Finance Minister Jim Flaherty later admitted some programs would be cut, but did not give specifics.

The five-point, $6.6-billion platform unveiled Friday outlined the Conservatives' vision for the next four years, focusing on job creation through tax reduction.

Harper said the Tory platform stands in stark contrast to Liberal Leader Michael Ignatieff's plan to raise taxes.

"Conservatives understand you cannot tax your way to prosperity, you cannot create jobs by raising taxes," Harper said.

The platform includes the party's $2.2-billion promise to compensate Quebec for harmonizing its sales tax, and a $2.5-billion income-splitting plan.

It also features a bundle of crime bills that would be passed in the first 100 days of Parliament if the Conservatives received a majority mandate, new policies for seniors and the details of government Arctic investments. The platform rehashes other Conservative priorities -- job creation, support for families and deficit reduction -- outlined in the federal budget plan tabled the week before the election call.

It also includes the Conservative Party plan to cut per-vote subsidies to political parties over a three-year period -- a move seen as a direct attack on the opposition parties, which are seen as having less robust fundraising arms than the governing party.

The five main priorities of the campaign platform are jobs creation, supporting families, eliminating the deficit, getting tough on crime, and investing in the North.

Smith said the platform's lack of bells and whistles was likely meant as to contrast to the Liberal plan, which the Conservatives say contains unnecessary spending.

"They're trying to contrast that with a Liberal plan they say is a throw-back to the Trudeau days of the 1970s -- high spending, high interest rates," Smith said.

On Friday, Flaherty defended the government's announcement it will return to Parliament with the same budget it introduced jus before the election call.

"Parliament hasn't voted on it," he told CTV's Power Play. "The government fell on a procedural matter."

After introducing the Tory election handbook, Harper joined Bollywood star Akshay Kumar for an event in Brampton. Then, later in the day the Tory leader headed to the Kitchener-Waterloo region to lend his support to a pair of candidates hoping to widen their slim margins of victory from the last trip to the polls in 2008.

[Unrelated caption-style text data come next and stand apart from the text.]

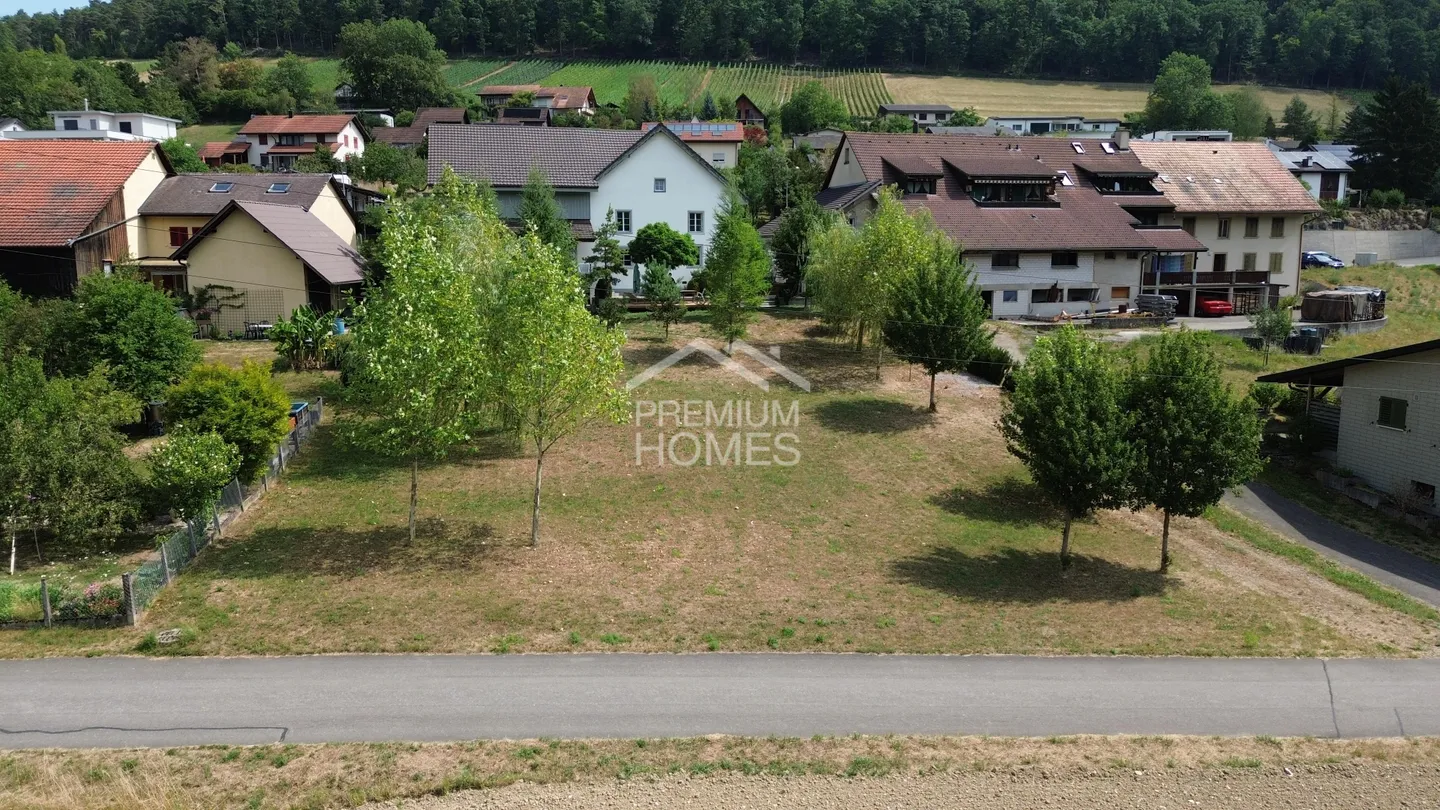 Eine Gelegenheit, die selten geworden ist - Photo 3 sur 8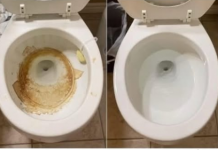Nije sirće ni soda bikarbona: Ovo sredstvo najbolje uklanja kamenac u WC šolji
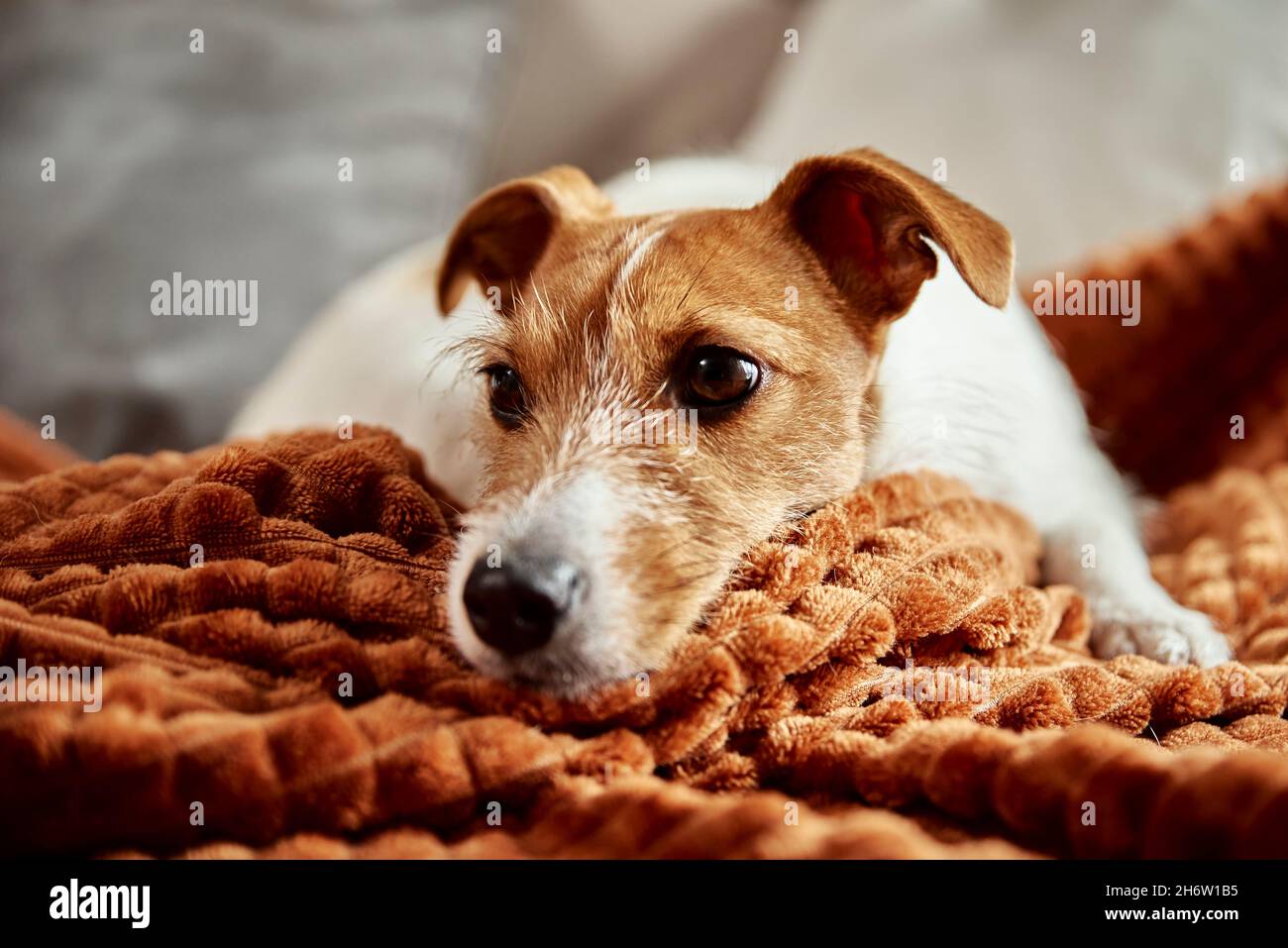 Tired dog sleep on couch. Lazy pet relaxed at home Stock Photo Alamy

Ignatieff, meanwhile, continued his campaign swing in Hamilton, Ont., where he addressed health care policies in an appearance at a cancer centre Friday morning.

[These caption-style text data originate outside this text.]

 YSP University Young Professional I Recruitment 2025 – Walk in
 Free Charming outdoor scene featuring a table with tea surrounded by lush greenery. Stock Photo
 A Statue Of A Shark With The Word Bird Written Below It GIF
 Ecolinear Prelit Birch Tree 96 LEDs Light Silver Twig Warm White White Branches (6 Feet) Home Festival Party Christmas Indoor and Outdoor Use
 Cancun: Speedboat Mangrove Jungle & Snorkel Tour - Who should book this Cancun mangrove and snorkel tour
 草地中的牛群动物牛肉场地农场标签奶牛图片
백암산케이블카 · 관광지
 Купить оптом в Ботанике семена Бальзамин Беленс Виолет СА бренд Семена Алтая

Ignatieff said a Liberal government would focus on two key areas of health-care reform: ensuring high-quality home care, and reducing the cost of prescription drugs.

The Liberal leader earlier sent an "open letter" to Canadians also included a pledge to extend the current schedule of 6 per cent funding increases beyond the terms of the current deal with provinces that's set to expire in 2014.

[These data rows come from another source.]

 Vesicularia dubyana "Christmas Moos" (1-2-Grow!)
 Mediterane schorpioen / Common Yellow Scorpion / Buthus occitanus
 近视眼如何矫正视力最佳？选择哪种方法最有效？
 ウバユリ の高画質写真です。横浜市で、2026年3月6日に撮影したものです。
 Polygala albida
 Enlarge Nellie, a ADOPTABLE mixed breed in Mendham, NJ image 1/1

Later, Ignatieff headed back to the GTA for a pair of stops in Toronto and Markham.

New Democrat Leader Jack Layton, meanwhile, started his day in the British Columbia riding vacated by outgoing Liberal MP Keith Martin before heading to his own town hall meeting in the riding of Kamloops-Thompson-Cariboo.

Bloc Quebecois Leader Gilles Duceppe was in the Lac-St-Jean region north of Quebec City on Friday, where he's hoping to boost BQ candidates trying to unseat Tories in the ridings of Roberval-Lac-Saint-Jean and Jonquiere-Alma.

The day after unveiling her party's platform, Green Party Leader Elizabeth May took the train from Toronto to Montreal where she convened a press conference to discuss health care. Later in the afternoon, May attended a downtown "Rally for Democracy."